BEGIN

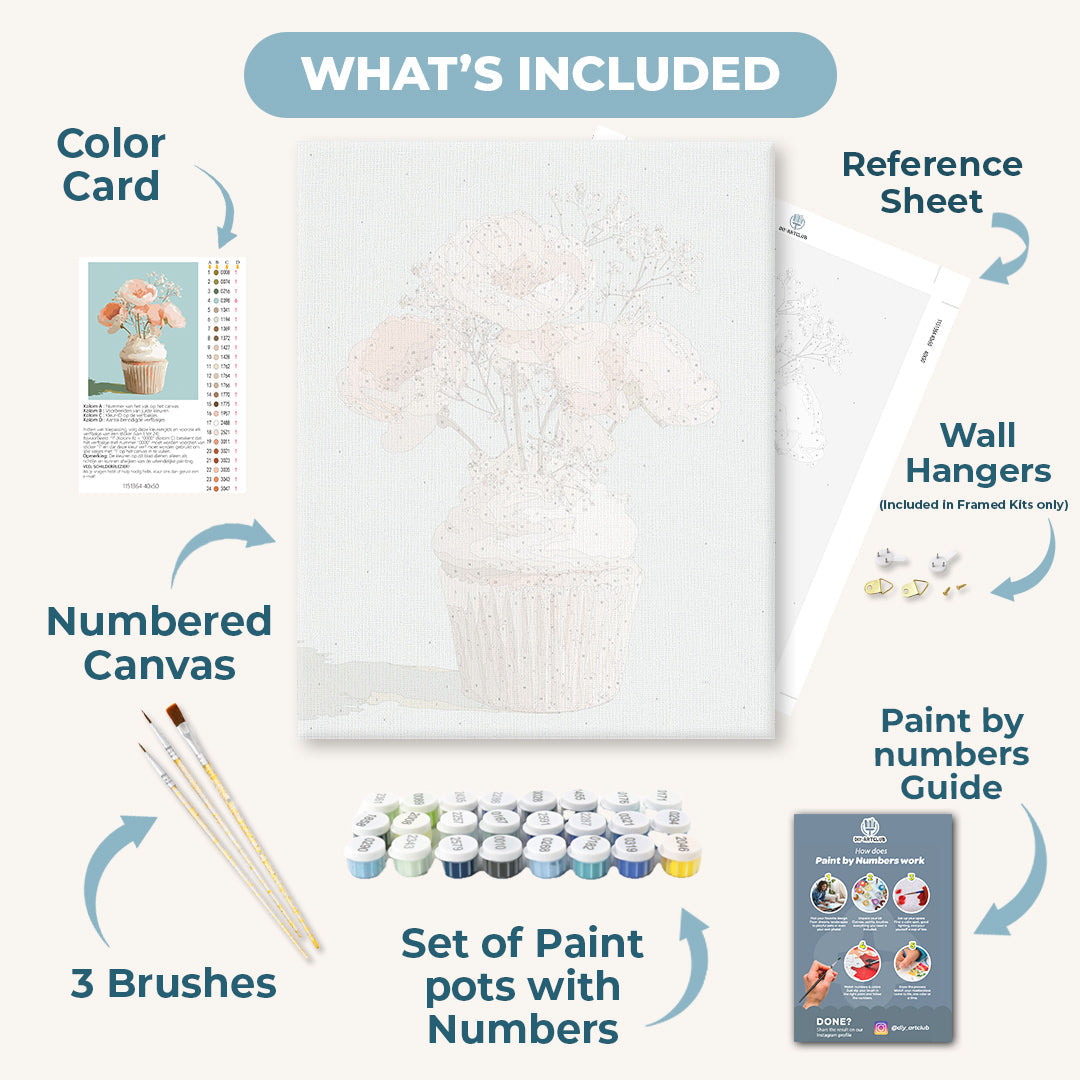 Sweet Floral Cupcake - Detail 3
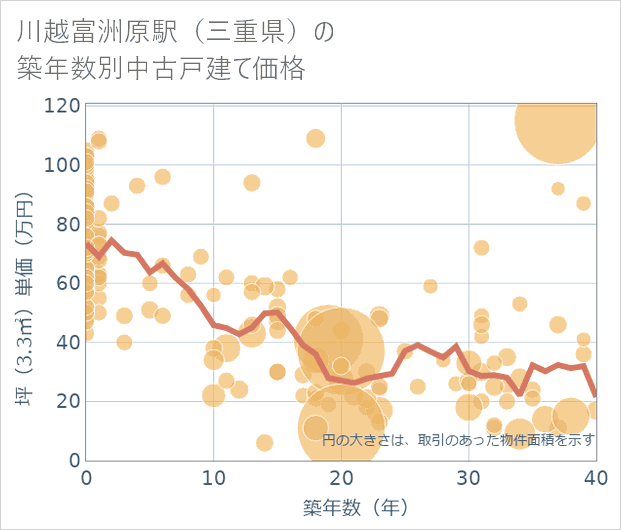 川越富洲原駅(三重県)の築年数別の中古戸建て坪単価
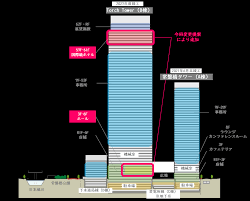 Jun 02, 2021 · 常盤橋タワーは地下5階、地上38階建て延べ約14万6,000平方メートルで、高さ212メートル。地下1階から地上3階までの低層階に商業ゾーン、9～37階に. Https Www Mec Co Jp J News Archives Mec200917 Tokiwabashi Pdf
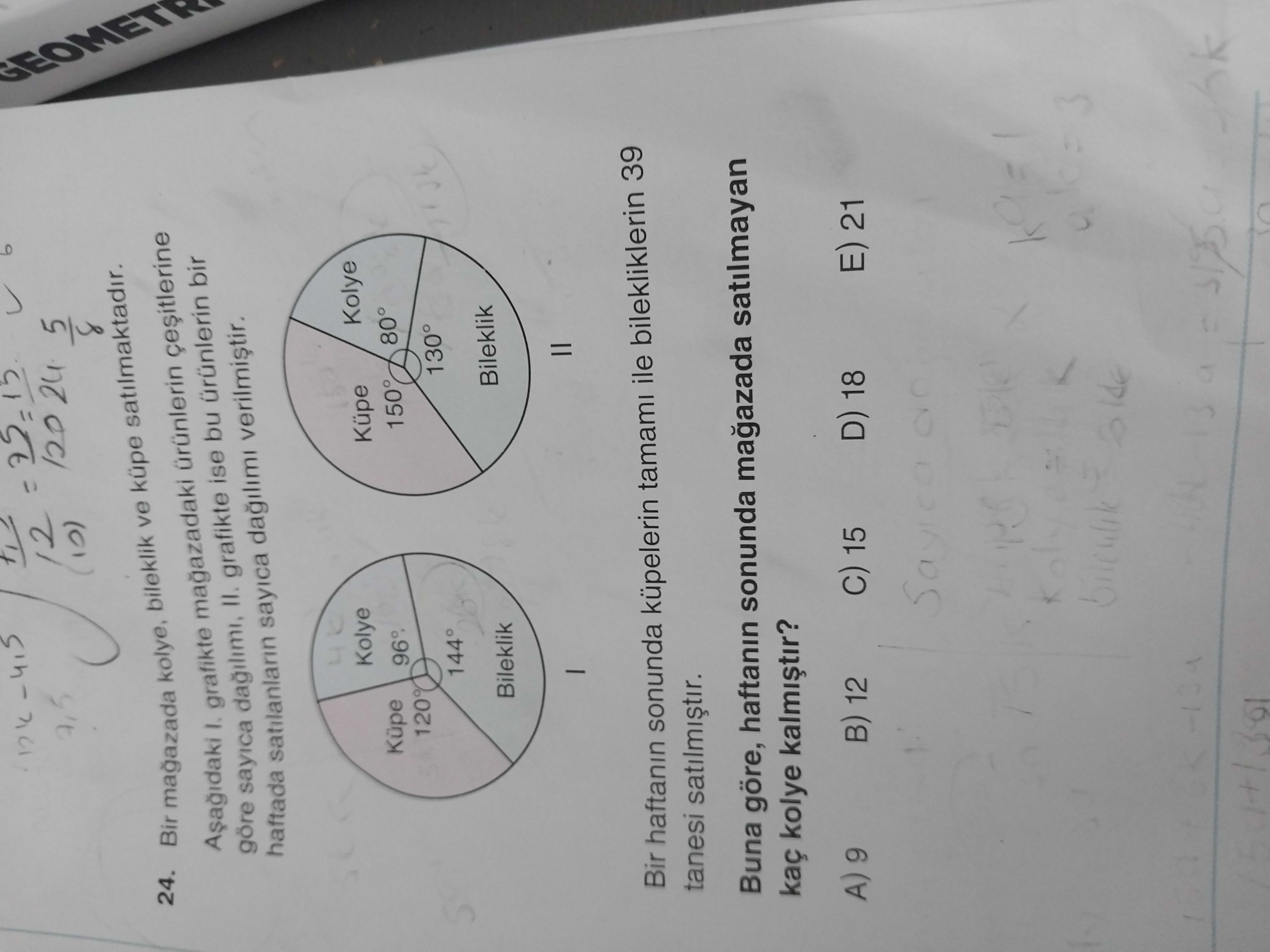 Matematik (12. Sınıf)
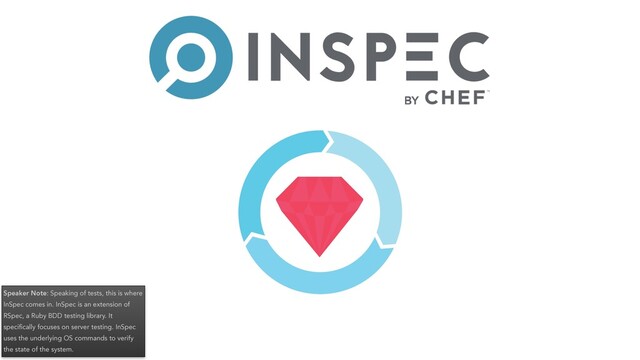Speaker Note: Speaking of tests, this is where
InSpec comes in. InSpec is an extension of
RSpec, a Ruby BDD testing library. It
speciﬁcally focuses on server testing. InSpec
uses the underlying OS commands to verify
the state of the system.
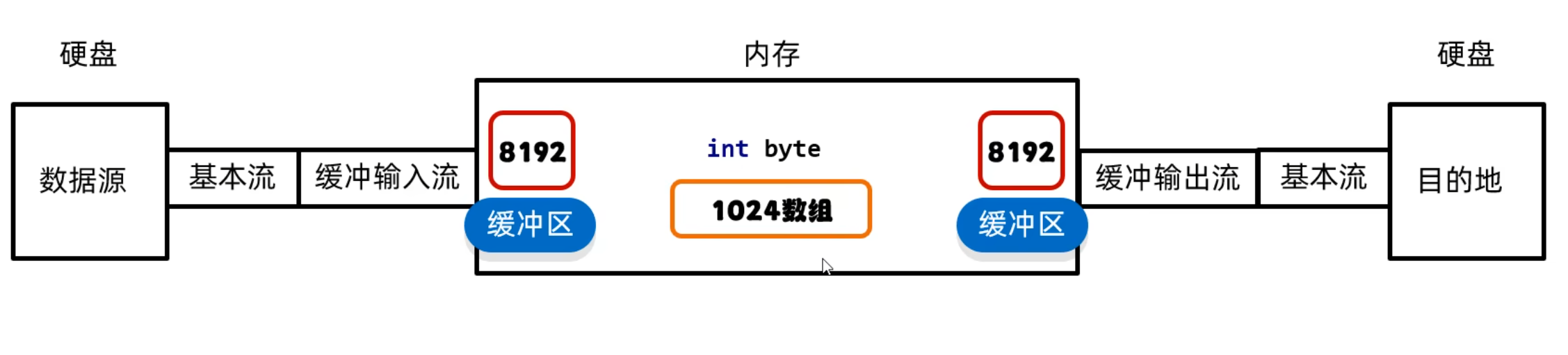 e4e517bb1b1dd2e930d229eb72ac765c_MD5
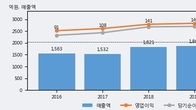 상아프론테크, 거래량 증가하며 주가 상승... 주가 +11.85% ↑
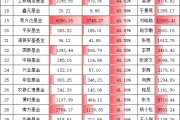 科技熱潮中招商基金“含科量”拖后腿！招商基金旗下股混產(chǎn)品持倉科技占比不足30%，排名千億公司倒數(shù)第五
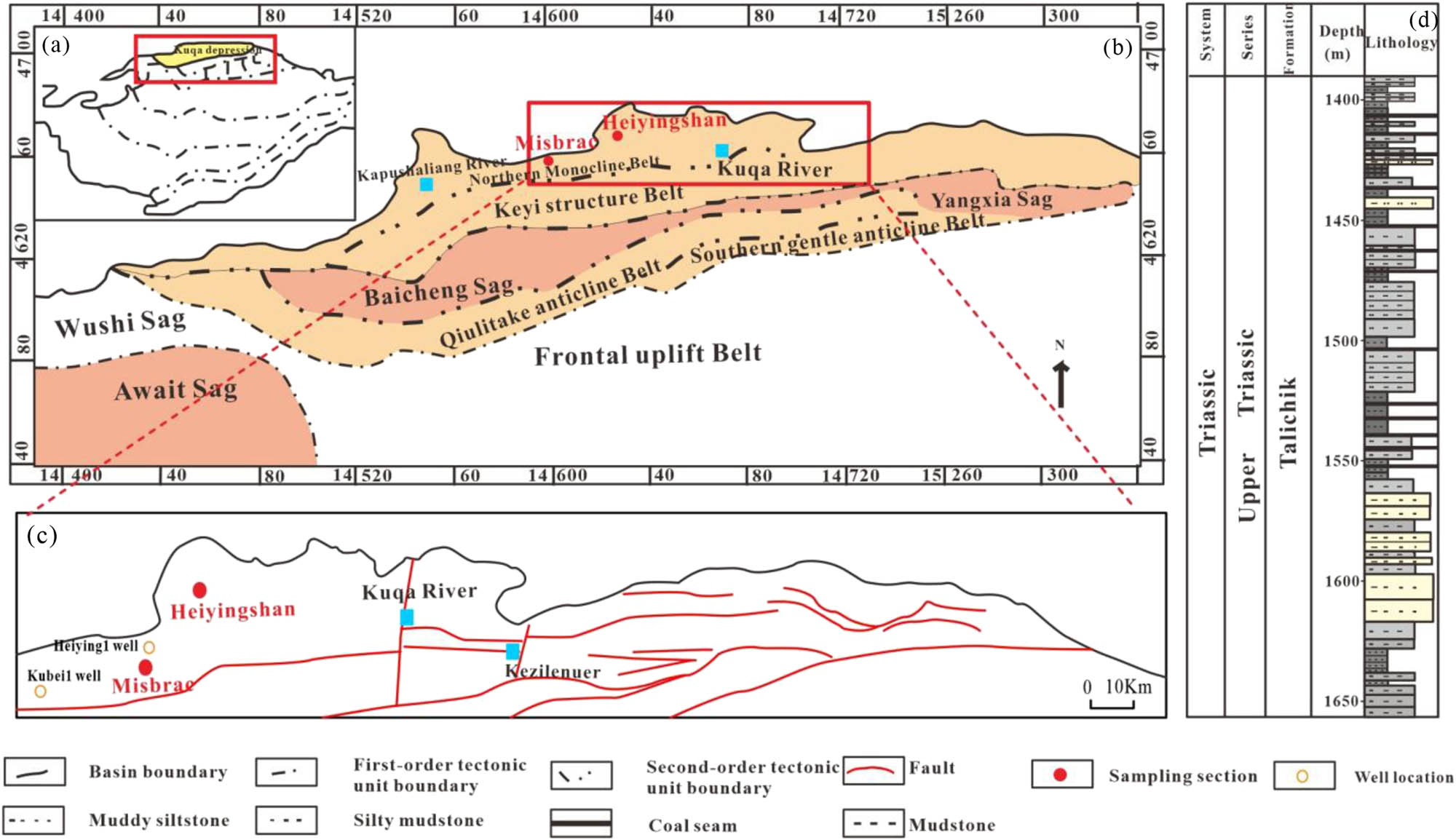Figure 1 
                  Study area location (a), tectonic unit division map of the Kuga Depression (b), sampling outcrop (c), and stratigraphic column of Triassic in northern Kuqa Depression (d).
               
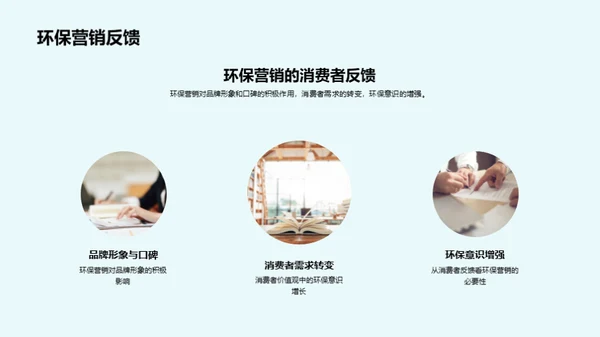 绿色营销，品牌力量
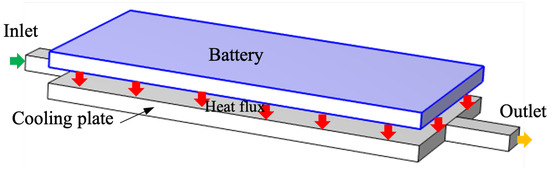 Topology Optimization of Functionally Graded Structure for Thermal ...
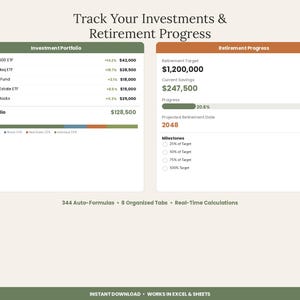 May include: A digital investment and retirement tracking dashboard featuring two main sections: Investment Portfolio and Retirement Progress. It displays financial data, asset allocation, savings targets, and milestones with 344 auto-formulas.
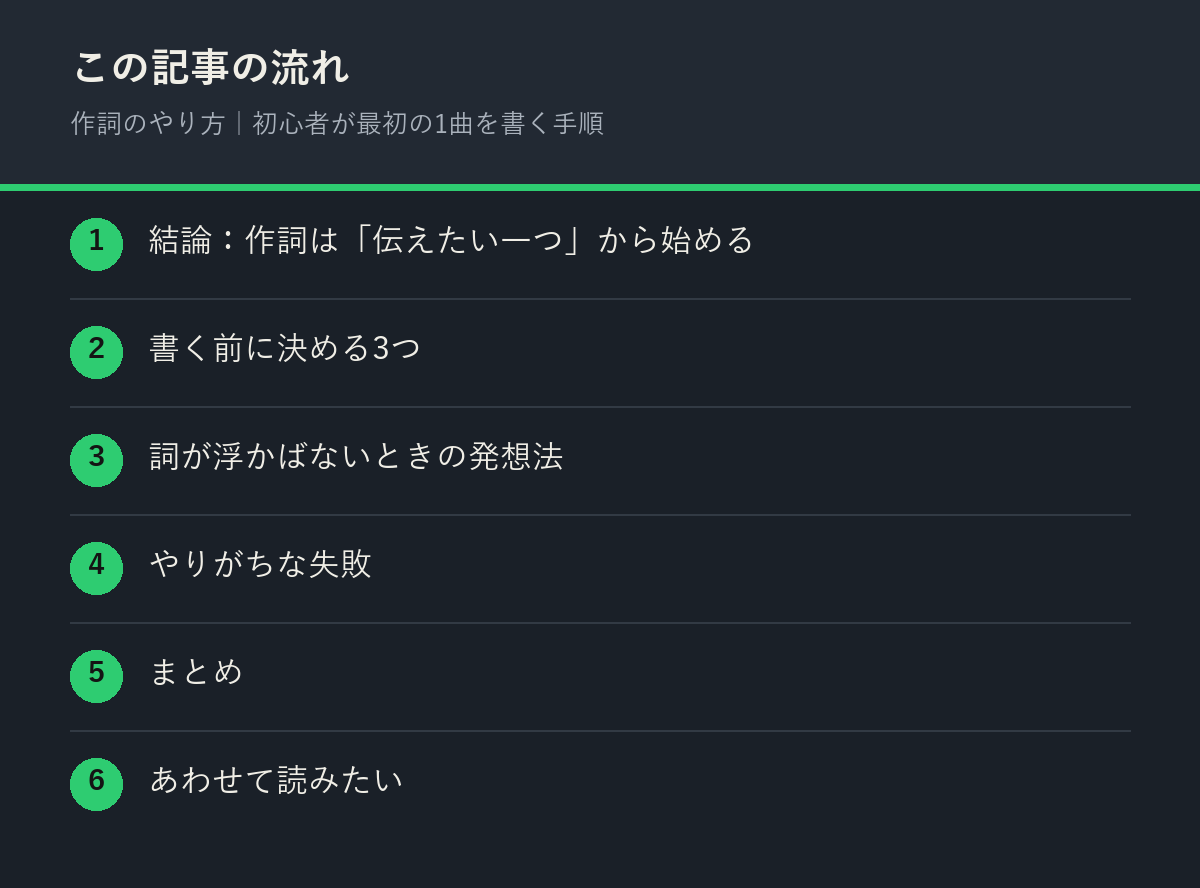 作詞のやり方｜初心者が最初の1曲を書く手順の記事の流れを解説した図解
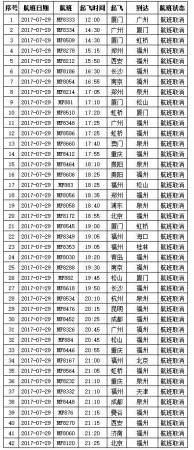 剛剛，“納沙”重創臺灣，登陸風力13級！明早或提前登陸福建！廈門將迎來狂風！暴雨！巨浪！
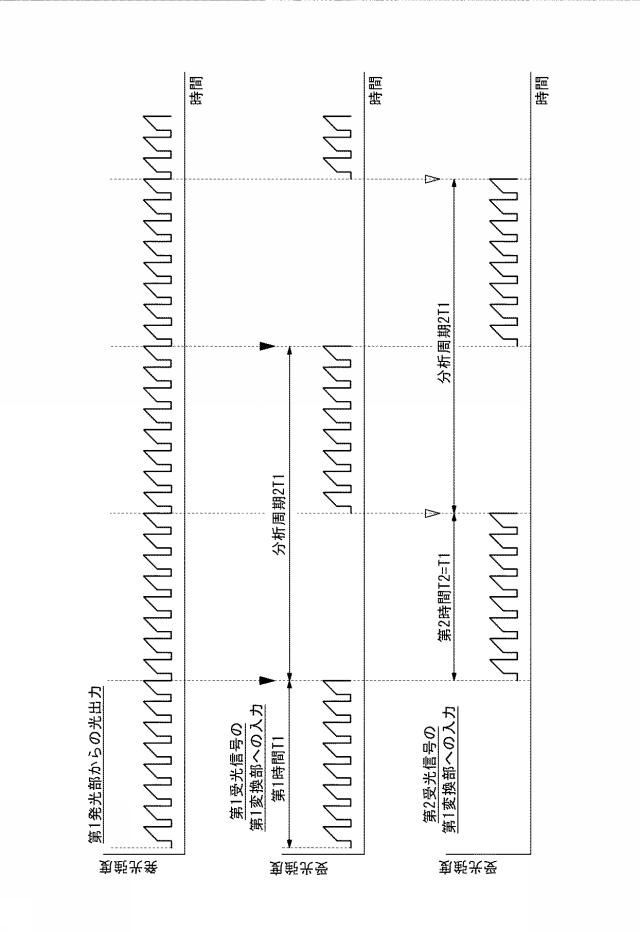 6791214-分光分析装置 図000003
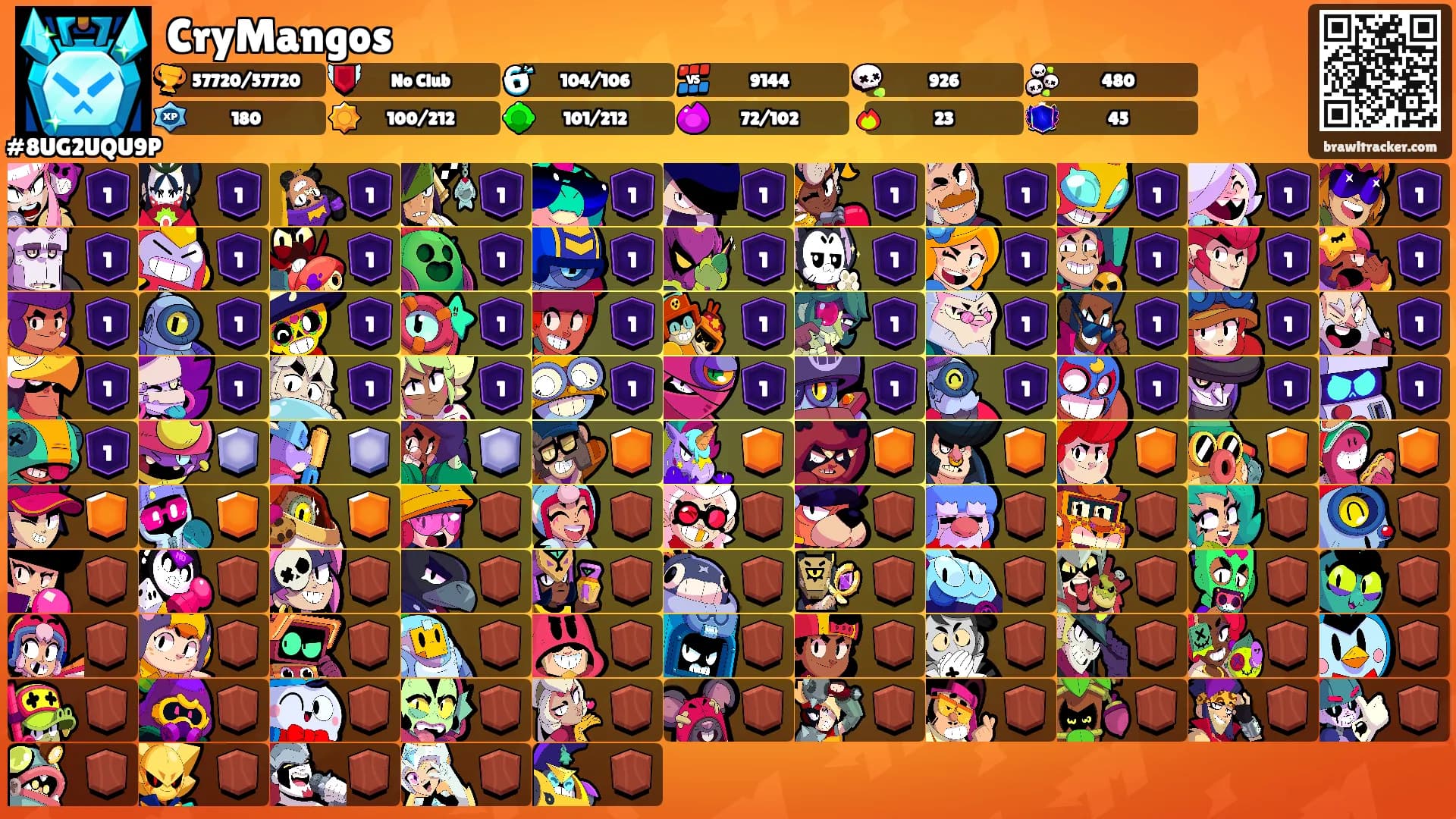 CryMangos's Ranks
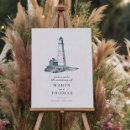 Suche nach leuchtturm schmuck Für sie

END

Copy the lines above exactly and exclude every image.

 Sweet Floral Cupcake - Detail 3
 川越富洲原駅(三重県)の築年数別の中古戸建て坪単価
 Jun 02, 2021 · 常盤橋タワーは地下5階、地上38階建て延べ約14万6,000平方メートルで、高さ212メートル。地下1階から地上3階までの低層階に商業ゾーン、9～37階に. Https Www Mec Co Jp J News Archives Mec200917 Tokiwabashi Pdf
 Matematik (12. Sınıf)
Speaker Note: Speaking of tests, this is where
InSpec comes in. InSpec is an extension of
RSpec, a Ruby BDD testing library. It
speciﬁcally focuses on server testing. InSpec
uses the underlying OS commands to verify
the state of the system.
 e4e517bb1b1dd2e930d229eb72ac765c_MD5
 상아프론테크, 거래량 증가하며 주가 상승... 주가 +11.85% ↑
 科技熱潮中招商基金“含科量”拖后腿！招商基金旗下股混產(chǎn)品持倉科技占比不足30%，排名千億公司倒數(shù)第五
Figure 1 
                  Study area location (a), tectonic unit division map of the Kuga Depression (b), sampling outcrop (c), and stratigraphic column of Triassic in northern Kuqa Depression (d).
               
 绿色营销，品牌力量
 Topology Optimization of Functionally Graded Structure for Thermal ...
 May include: A digital investment and retirement tracking dashboard featuring two main sections: Investment Portfolio and Retirement Progress. It displays financial data, asset allocation, savings targets, and milestones with 344 auto-formulas.
 作詞のやり方｜初心者が最初の1曲を書く手順の記事の流れを解説した図解
 剛剛，“納沙”重創臺灣，登陸風力13級！明早或提前登陸福建！廈門將迎來狂風！暴雨！巨浪！
 6791214-分光分析装置 図000003
 CryMangos's Ranks
 Suche nach leuchtturm schmuck Für sie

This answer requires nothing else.